Little Mosque on the Prairie and the Paradoxes of Cultural Translation (University of Toronto Press, 2017)
In 2007, Little Mosque on the Prairie premiered on the Canadian Broadcasting Corporation network. It told the story of a mosque community that worshiped in the basement of an Anglican church. It was a bona fide hit, running for six seasons and playing on networks all over the world.
This book’s textual analysis and in-depth research, including interviews from the show’s creator, executive producers, writers, and CBC executives, reveals the many ways Muslims have and have not been integrated into North American television. Despite a desire to showcase the diversity of Muslims in Canada, the makers of Little Mosque had to erase visible signs of difference in order to reach a broad audience. This paradox of ‘saleable diversity’ challenges conventional ideas about the ways in which sitcoms integrate minorities into the mainstream.
The Bakken Goes Boom: Oil and the Changing Geographies of Western North Dakota (co-edited with William Caraher, Digital Press at the University of North Dakota, 2015)
In 2008, the Bakken went boom. Thanks to advances in hydraulic fracturing, oil production in western North Dakota exploded. As the price of oil went up, so did the oil rigs. People came from all over the country (and the world) in search of work, and cities and towns struggled to keep up. This book is about the challenges they faced. It is about the human dimensions of the boom, as told by artists, poets, journalists, and scholars. It captures the boom at its peak, before the price of oil fell and the boom went bust.
This is the only book on the Bakken to bring together such a wide range of voices. It captures a fascinating moment in the history not only of North Dakota, but of global oil production. It sheds light on the impact of oil on local communities that, until now, had not attracted much interest from the outside world. And it shows how North Dakotans, both old and new, have found ways to address the challenges they face in a turbulent, changing environment.
Beyond the Border: Tensions Across the Forty-Ninth Parallel in the Great Plains and Prairies (co-edited with Timothy Pasch, McGill-Queen’s University Press, 2013)
The idea that the American Great Plains and the Canadian Prairies are just “fly-over” country is a mistake. In the post-9/11 era, politicians and policy-makers are paying more attention to the region, especially where border enforcement is concerned. Beyond the Border provides interdisciplinary perspectives on the region’s increasing importance.

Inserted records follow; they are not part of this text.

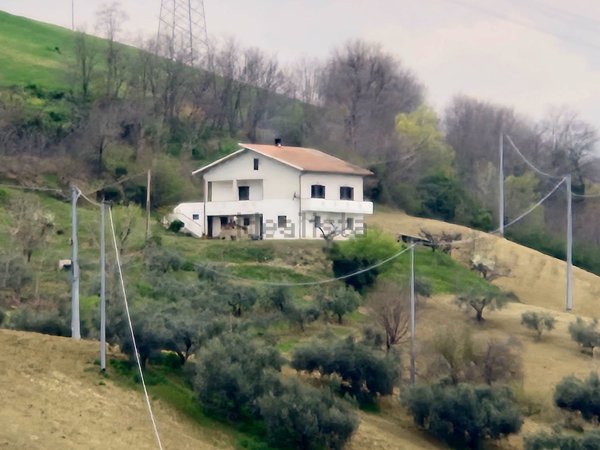 casa indipendente in vendita a Castiglione Messer Raimondo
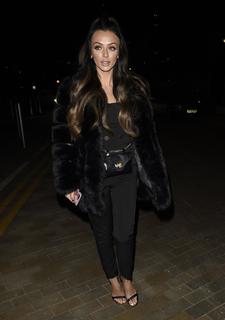 Kady McDermott feet photo thumbnail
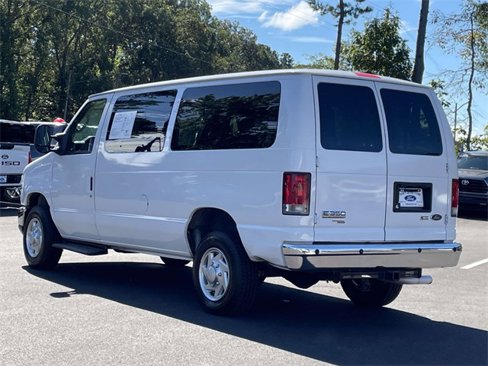 Used 2014 Ford E-350 and Econoline 350 XLT image 23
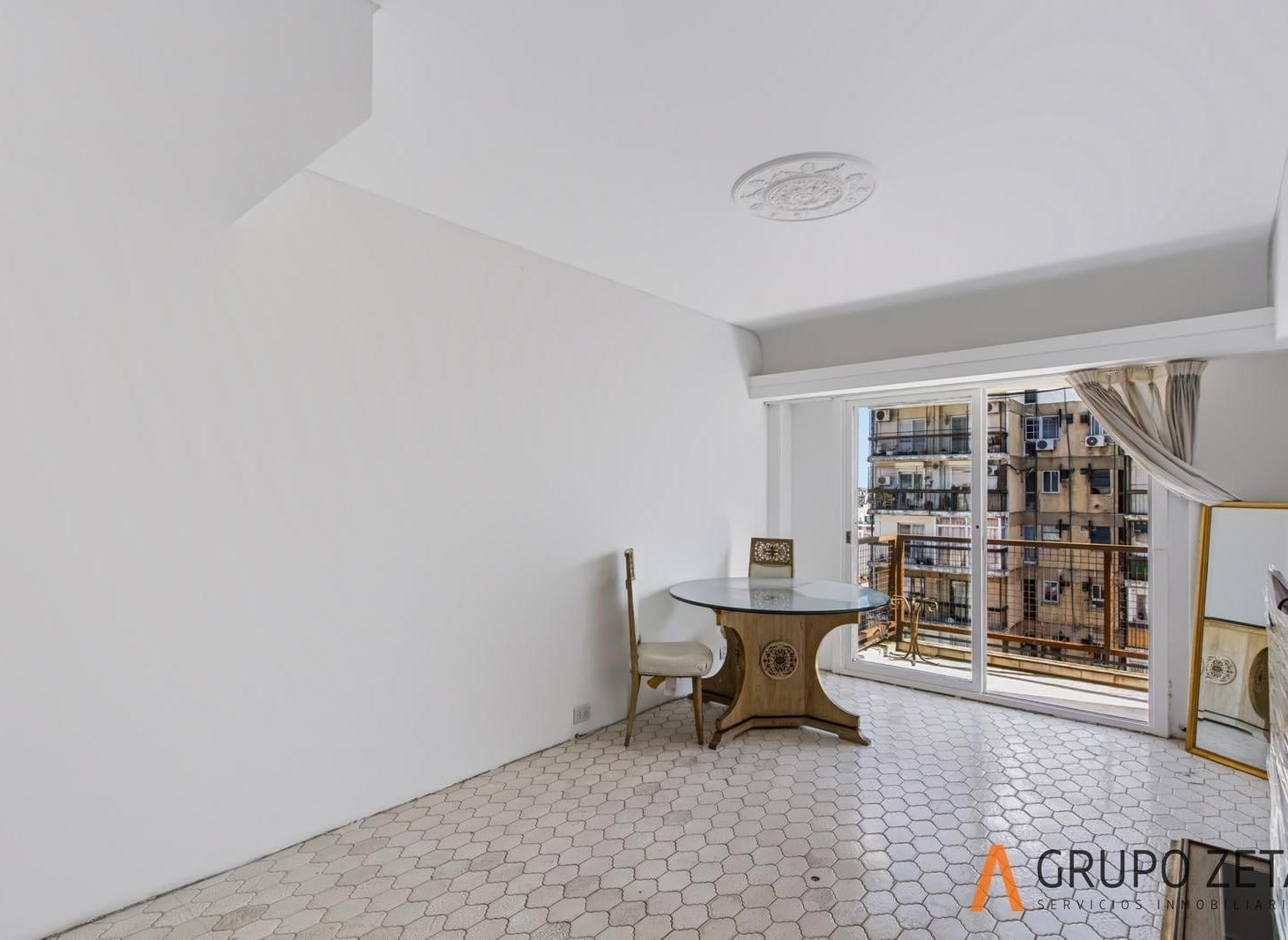 Foto de Venta duplex 3 ambientes en Balvanera. Piso alto. Muy luminoso. 81m2, imagen 3
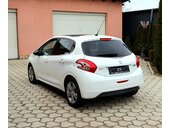 Peugeot 208 P.A.N.O.   L.E.D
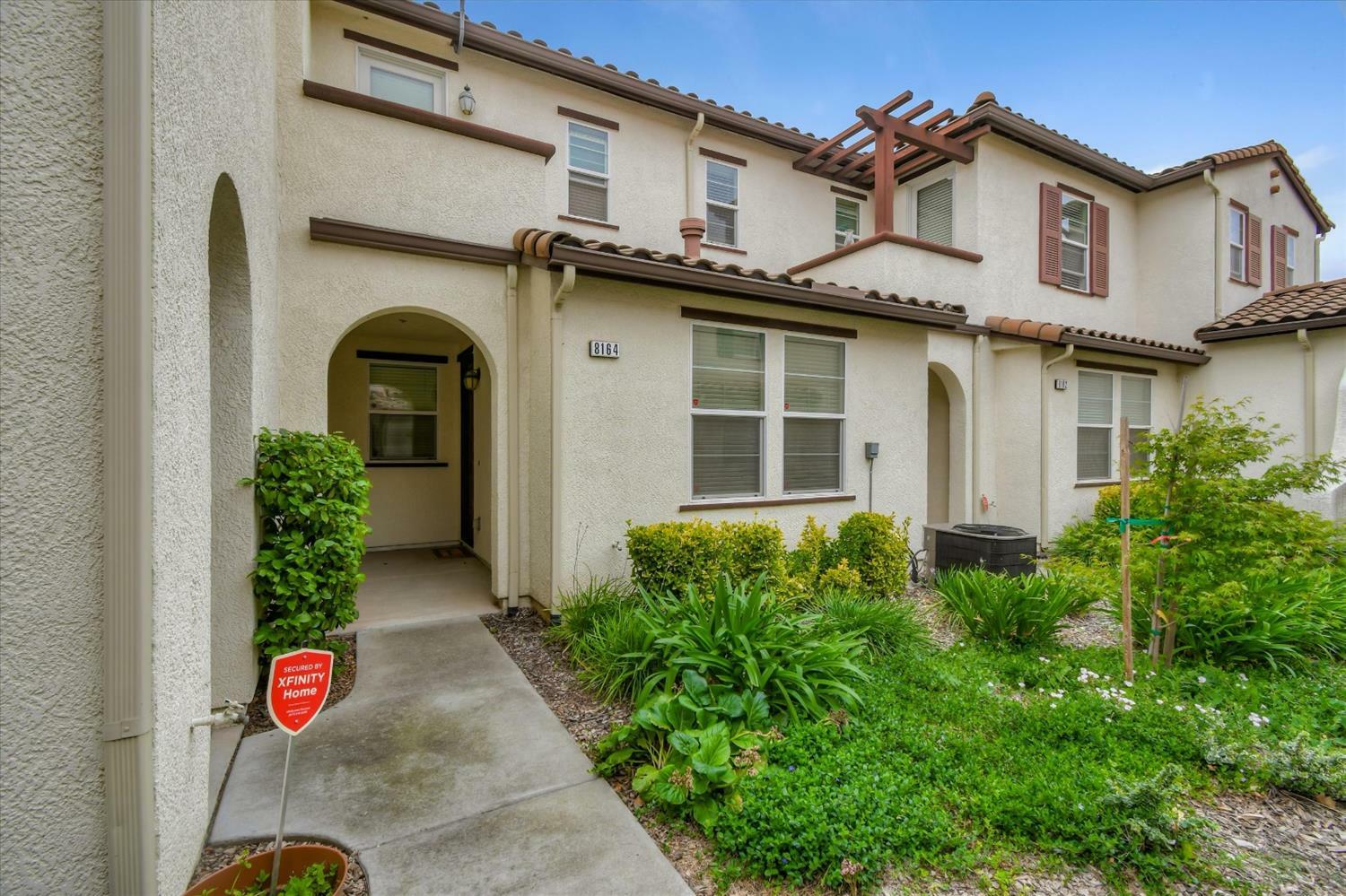 Property Photo: 8164 Crystal Walk Circle CA 95758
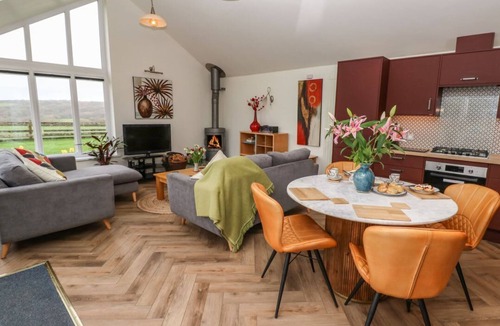 Lamorna House | Meadowside, Mousehole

Drawing inspiration from Habermas’s observation that certain modern phenomena – from ecological degradation and organized crime to increased capital mobility – challenge a state’s ability to retain sovereignty over a fixed geographical region, contributors to this book question the ontological status of the Canada-US border. They look at how entertainment media represents the border for their viewers, how Canada and the US enforce the line that separates the two countries, and how the border appears from the viewpoint of Native communities where it was imposed through their traditional lands. Under this scrutiny, the border ceases to appear as self-evident, its status more fragile than otherwise imagined.
Everyone Says No: Paradoxes of Translation in Television News (McGill-Queen’s University Press, 2011)
Quebec has never signed on to Canada’s constitution. After both major attempts to win Quebec’s approval – the Meech Lake and Charlottetown Accords – failed, Quebec came within a fraction of a percentage point of voting for independence. Everyone Says No examines how the failure of these accords was depicted in French and English media and the ways in which journalists’ reporting failed to translate the differences between Quebec and the rest of Canada.
Focusing on the English- and French-language networks of the Canadian Broadcasting Corporation, Everyone Says No draws on the CBC/Radio-Canada’s rich print and video archive as well as journalists’ accounts of their reporting to revisit the story of the accords and the furor they stirred in both French and English Canada. It shows that CBC/Radio-Canada’s attempts to translate language and culture and encourage understanding among Canadians actually confirmed viewers’ pre-existing assumptions rather than challenging them.